PROBLEM TO WORK ON —
Please produce a character-exact copy of the listing that follows, omitting all images.
INPUT DATA START
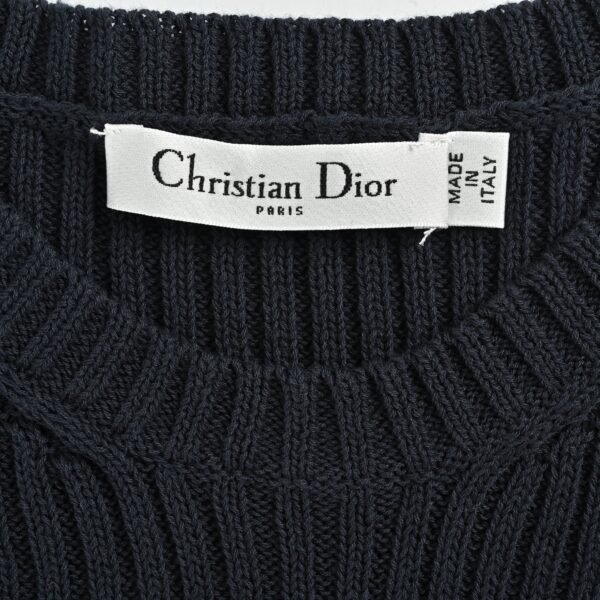 High Quality Dior T-shirt - Image 6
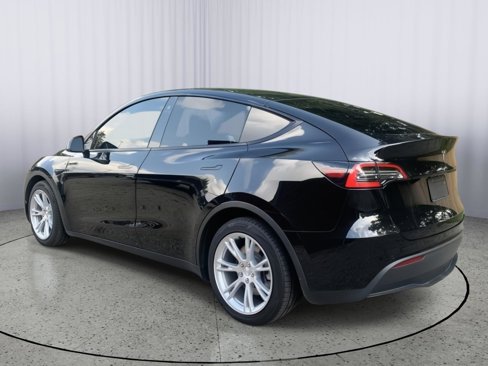 Used 2021 Tesla Model Y Long Range image 5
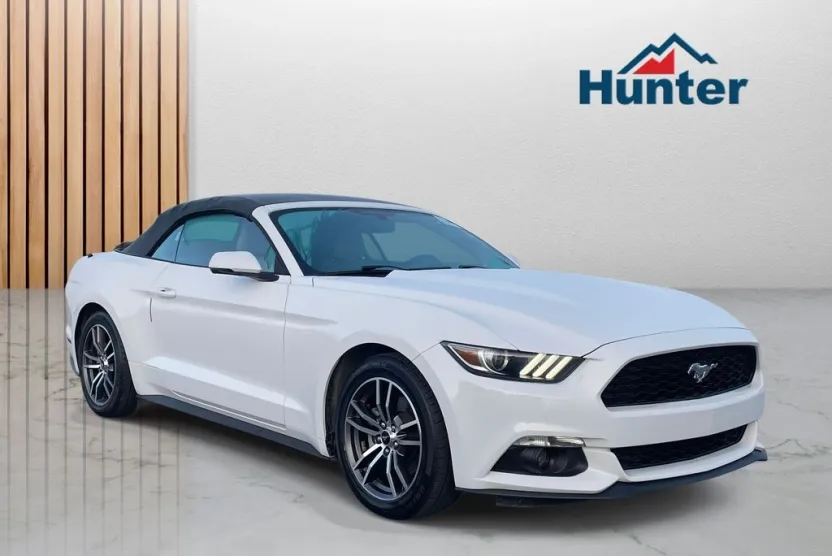 2017 Ford Mustang EcoBoost Premium photo 1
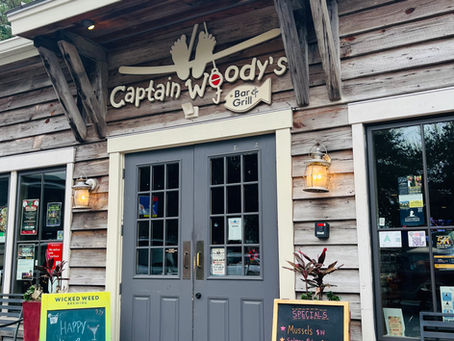Beer, Bites and Birdies: Why Captain Woody’s Is a Good Choice for the 19th Hole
INPUT DATA END
EXERCISE ANSWER —
 High Quality Dior T-shirt - Image 6
 Used 2021 Tesla Model Y Long Range image 5
 2017 Ford Mustang EcoBoost Premium photo 1
Beer, Bites and Birdies: Why Captain Woody’s Is a Good Choice for the 19th Hole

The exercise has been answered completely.